Der erste Erfolg: Grieg erinnert sich in seinen Memoiren, sehr einfühlsam und variantenreich gelesen von Brigitta Hermann, vor allem an die Wehmut des Lebens, die jeden Erfolg wieder zunichte macht, auch den ersten. Die Entwicklungsphasen des Norwegers sind unterhaltsam, da er sich und sein Genie nie so ganz ernst nimmt. Als 16-Jähriger wird sein Talent erkannt und er darf im Gewandhaus Leipzig mit berühmten Lehrern sein Können entwickeln und zeigen. Auch seine eigene Mittelmäßigkeit erkennt er durchaus in seinen ersten ein wenig zu nachlässig angefertigten Kompositionen. Je mehr er zu sich selbst findet, desto mehr Glück wird ihm zuteil. Das ist die Quintessenz der Balladen seines Lebens – und das ist für ihn Erfolg. Er verleugnet dabei nicht die kleinen Glücksgefühle aus seiner Kindheit und Jugend. „Welch ein Glück“ und einer seiner größten Erfolge war die Entdeckung der Melodie, einer Harmonie, einer Terz, einem Dreiklang, Vierklang usw: „Das war ein Erfolg!“ Als es ihm immer besser gelang, überflüssigen Ballast von sich zu werfen – „das war meine Rettung, mein Glück“ – und sich über sich selbst klar zu werden, alle Enttäuschungen, Sorgen und auch Triumphe als Voraussetzungen für diesen Erfolg zu akzeptieren, da „fiel der Schleier“ und er konnte sich ausdrücken mit „einer endlich befreiten Fantasie“. Mit seiner Träumernatur trudelte er durch die Welt und schuf die schönsten Balladen, Suiten, Konzerte und Sonaten. Angestimmt von Lars Jönsson, einen schwedischen Pianisten, der in Frankfurt und Moskau studiert hat, dem besonders vielseitige Musikabende am Herzen liegen, und dem Cellisten Charles-Antoine Duflot aus Paris, der musikalische Anregungen unter anderem von Wolfgang-Emanuel Schmidt und Gary Hoffmann erhielt, erwachten „Peer Gynt“ und „Solveig“ zu neuem Leben. Temperamentvoll und doch voller leiser Wehmut interpretierten die beiden Musiker in einem hochsensiblen Dialog Griegs Musik, die rasch ihren Zauber verbreitete und deren fortissimo-Leidenschaften jeden in ihren Bann zog. Eine versteckte, aber tragende Rolle spielte dabei der junge Leon Schneider als Notenwender, der, noch jünger als Grieg, seine eigene musikalische Meisterschaft am Hoch’schen Konservatorium beginnen darf. Er gilt spätestens seit Mai, als er auf der Burg seine Rhapsodie mit dem gemischten Chor von St. Johann uraufführte als großes Musiktalent. Er ließ seinen Blick nicht von den Noten und fieberte sichtlich mit Jönssons Spiel.

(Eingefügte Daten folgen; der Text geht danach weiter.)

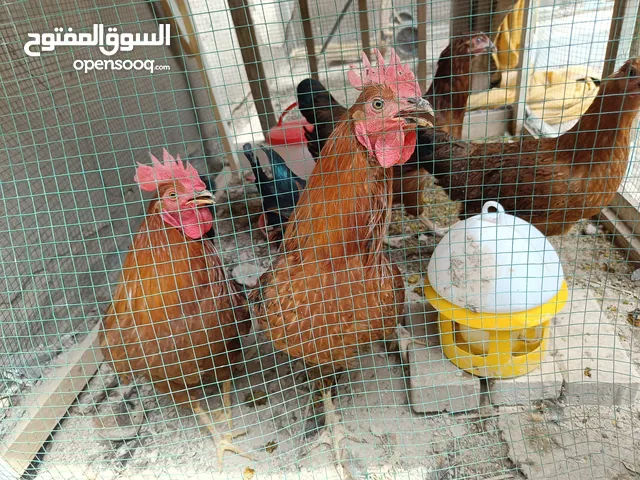 دجاج عرب مع قفص صحة فول ونظافة فول للبيع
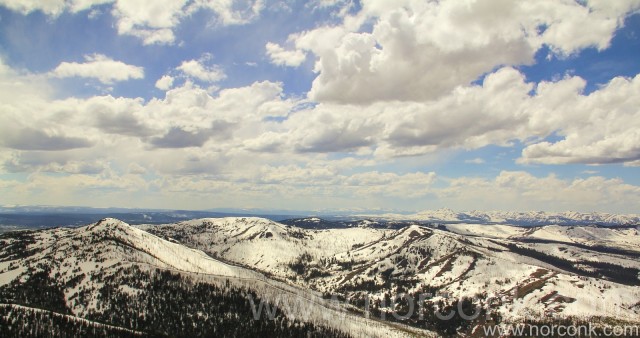 Mt. Washburn View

Dass es schnell vom Rausch des Erfolgs in den Abgrund gehen kann, schilderte Hermann mit ihrer wohltuend ruhigen Stimme, die durchaus den Textwitz wiedergab. Griegs Schulzeit endete mit 15, als ein Violinvirtuose hoch zu Ross „wie ein Märchengott“ ihn auf der Straße anwies: „Du sollst nach Leipzig gehen“. Das Leipziger Konservatorium galt zu Griegs Zeiten um 1850 als Heiligtum. Dort begegnete der junge Künstler, der immer noch „entsetzlich faul“ war, den Lehrern, die ihn forderten und förderten, und vor allem durfte er endlich gute Musik hören. „Der Träumer ohne Talent für den Wettstreit“, so seine Selbsteinschätzung, schaffte mit seiner romantischen und von der Natur und Traditionen Norwegens geprägten Musik den Durchbruch in der Musikwelt. Zur großen Freude der Zuhörer, die seine lichte, klare und kraftvolle und doch verspielte Musik immer wieder neu entdecken und lieben lernen. Die Virtuosen am Cello Duflot und Jönsson am Klavier waren die beste Wahl für die Verwandlung des Wappensaals in einen mystischen Ort, in dem man die letzten warmen Strahlen des Sommers mit Wehmut wahrnahm – nur die Trolle fehlten noch an diesem magischen Spätsommernachmittag. Die Sonate für Violoncello und Klavier op. 36 betörte mit einem vehementen und dennoch leichten Allegro, einem emotionalen Andante und führte mit einem Allegro molto e marcato zu einem furiosen Finale der Texte und Töne zur Teezeit auf der Burg, die im Mai 2020 weitergeht unter der Regie des Erfolgs-Duos Hermann-Peukert. Bravo den Künstlern, die dem Kronberger Publikum einen märchenhaftverklärten Sonntag bescherten, Bravo den Organisatorinnen und ihrem Team, das sich fast vollständig nach dem Konzert um Brigitta Hermann scharte, die von Herzen dankte! Da Capo im nächsten Jahr im Mai.